The National Human Genome Research Institute describes HIgE as a genetic disorder that increases the production of Immunoglobulin-E (IgE) in the body, as well as affecting the function of the immune system. Immunoglobulins are proteins called antibodies that fight off bacteria, infection, parasites, and other body invaders. IgE’s specifically fight off allergens. If there are too many IgE’s in a person’s body, it causes many harmful problems, such as severe skin conditions like eczema or psoriasis, infections of the lungs, bone problems like scoliosis, and lack of tooth loss. The person also becomes more susceptible to bacterial infections such as strep, staph, and pneumonia. All of these problems can be life-long and are difficult to live with. It mainly affects children and younger adolescents, but can occasionally carry on later in life.

Since IgE’s are mainly responsible for fighting allergies and Joe has so many, his reactions are much different than most people. “The levels of IgE for people without Hyperimmunoglobulin-E Syndrome is generally around 125. For someone with the disorder, they are much higher.

“Joe’s count is currently at more than 40,000, and is continuing to increase.” says Dr.
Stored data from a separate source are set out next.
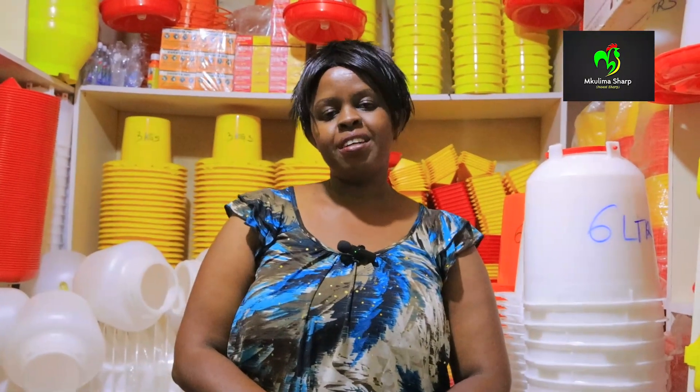Hello our investors, this is Esther from Mkulima Sharp, Nairobi, Kangudo Road Market next to Kiva Eastlands, stall number G138, G139. As always, you know Mkulima Sharp is your home of all your poultry needs.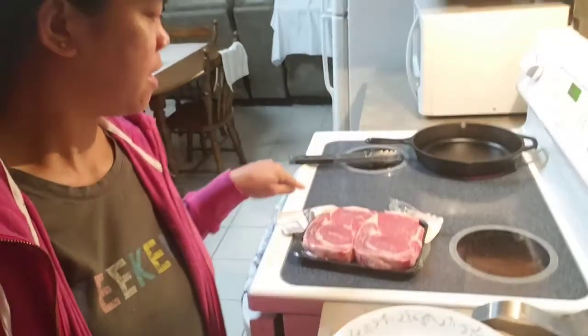Hello everyone, this is Stacey and you're watching Tess and Goddess channel. Welcome to my channel, guys! Today we're gonna cook steak — ribeye, ribeye crab steak — and I'm gonna make a green salad. Okay, let's marinate the steak.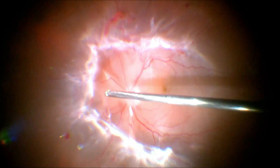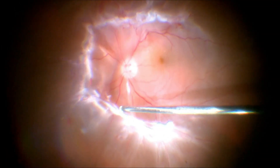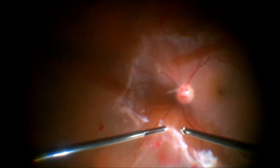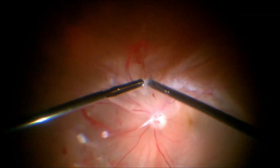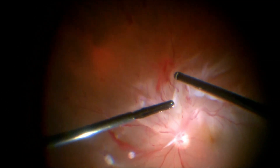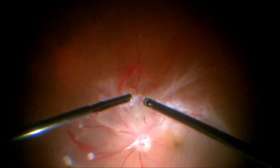We start the dissection with the cutter but eventually shift to bimanual surgery using the chandelier light. This allows us to use a forceps in one hand and a cutter in the other, giving us finer control and safety to carry out the dissection.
Elaine Siegfried, the head of pediatric dermatology at Cardinal Glennon Hospital in St. Louis. “No one really knows exactly why the body can produce such high levels of IgE, and it’s hard to tell why they make the body act this way. It’s something that we have to experiment and work with blindly,” says Siegfried.

The high levels of IgE’s cause his body to overreact to things he is allergic to and treat everything else (even the good bacteria,) as a typical antigen. “It’s like his immune system is made up of stepping stones, and a couple of his are either missing or off balance,” says Tracy Hogan, Joseph’s mother who has spoken to many, many doctors about Joe’s rare disorder. “His body is always fighting, and his immune system ends up counter-reacting with itself.”
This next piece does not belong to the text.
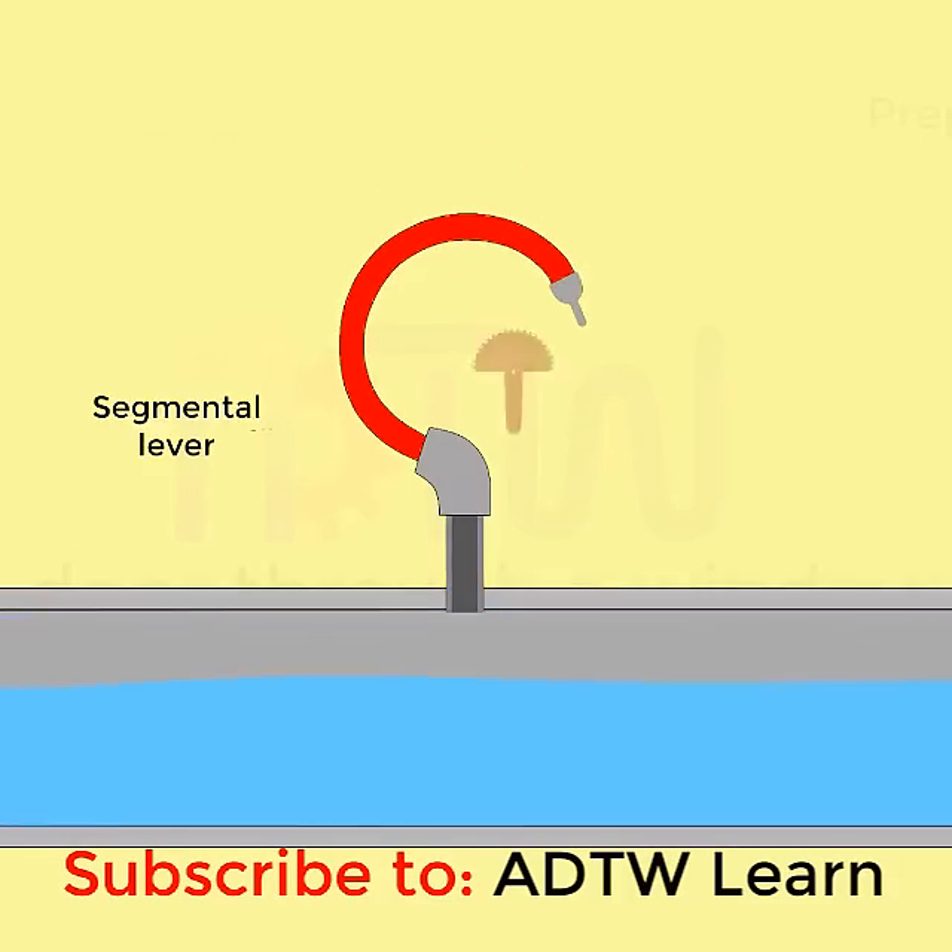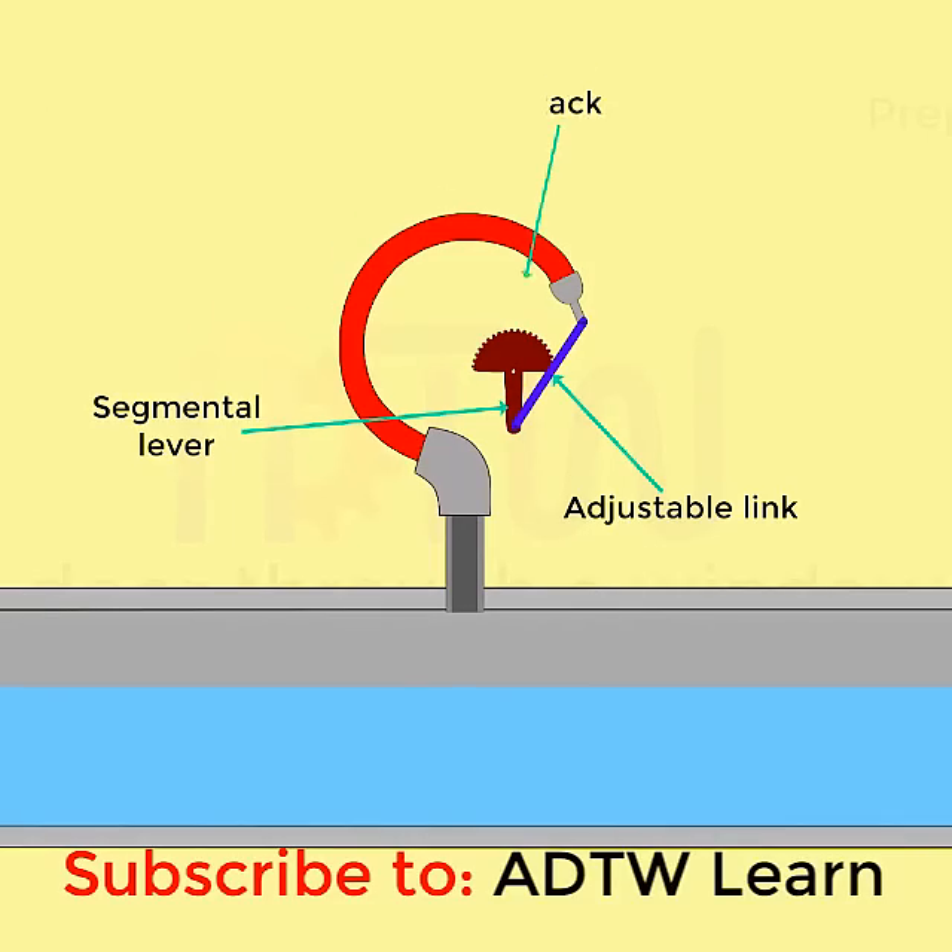The tip of the Bourdon tube is connected to a segmental lever through an adjustable link. The segmental lever end on the segment's side is provided with a rack, which meshes to a suitable pinion mounted on a spindle. The segmental lever is suitably pivoted, and the spindle holds the pointer.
            The overreaction causes Joe to become immune to different antibiotic and medical treatments. When his body becomes immune to one medication, his doctors try stronger ones and he ends up becoming immune to them too. “At this point, they haven’t found anything stronger they can use, so nothing works for him. His immune system warriors are stronger than the toughest medicine they have,” says Tracy.

            There is no known cure for HIgE, and professionals in the medical field are still working to find treatment that is successful in helping symptoms. “When trying to treat this, it is difficult because we don’t know much about it. Most of the time, we just try one thing and see if it works, then move onto whatever is next,” says Siegfried.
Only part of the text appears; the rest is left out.